───── EXERCISE MATERIAL
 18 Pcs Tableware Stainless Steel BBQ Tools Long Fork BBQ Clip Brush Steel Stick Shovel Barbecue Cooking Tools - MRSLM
──────────
───── EXERCISE MATERIAL
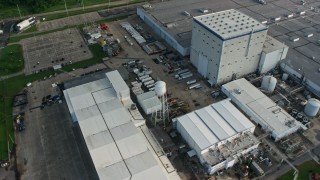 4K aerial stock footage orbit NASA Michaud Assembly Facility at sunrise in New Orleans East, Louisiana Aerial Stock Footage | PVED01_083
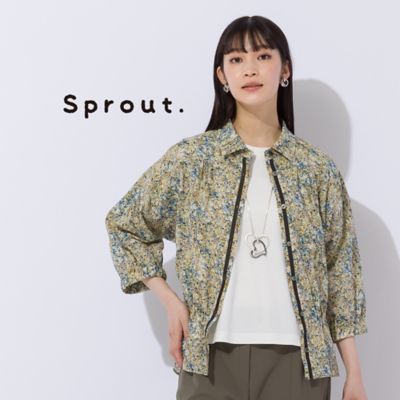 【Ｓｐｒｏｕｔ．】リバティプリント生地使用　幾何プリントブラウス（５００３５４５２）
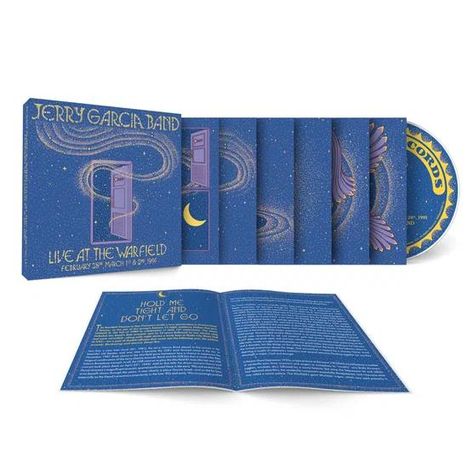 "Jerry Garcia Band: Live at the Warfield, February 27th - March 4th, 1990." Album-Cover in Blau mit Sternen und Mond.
──────────
───── EXERCISE MATERIAL
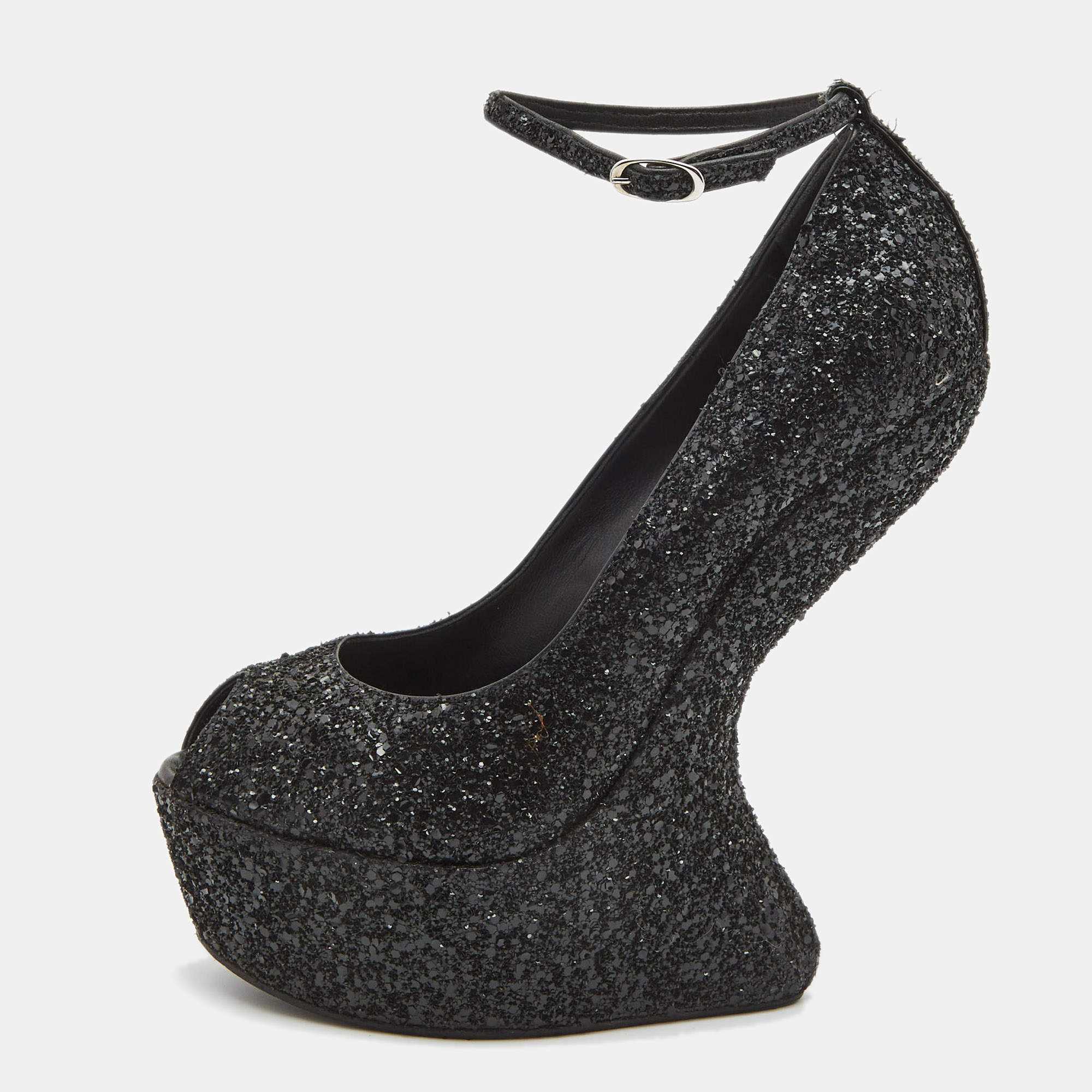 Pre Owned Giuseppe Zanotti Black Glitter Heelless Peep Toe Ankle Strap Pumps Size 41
──────────
WHAT IS REQUIRED:
Beginning with the line above that has "4K aerial stock" and going on through the line that has "Sternen und Mond.", retype every line exactly and add nothing else; drop the pictures.

SOLUTION BELOW:
 4K aerial stock footage orbit NASA Michaud Assembly Facility at sunrise in New Orleans East, Louisiana Aerial Stock Footage | PVED01_083
 【Ｓｐｒｏｕｔ．】リバティプリント生地使用　幾何プリントブラウス（５００３５４５２）
 "Jerry Garcia Band: Live at the Warfield, February 27th - March 4th, 1990." Album-Cover in Blau mit Sternen und Mond.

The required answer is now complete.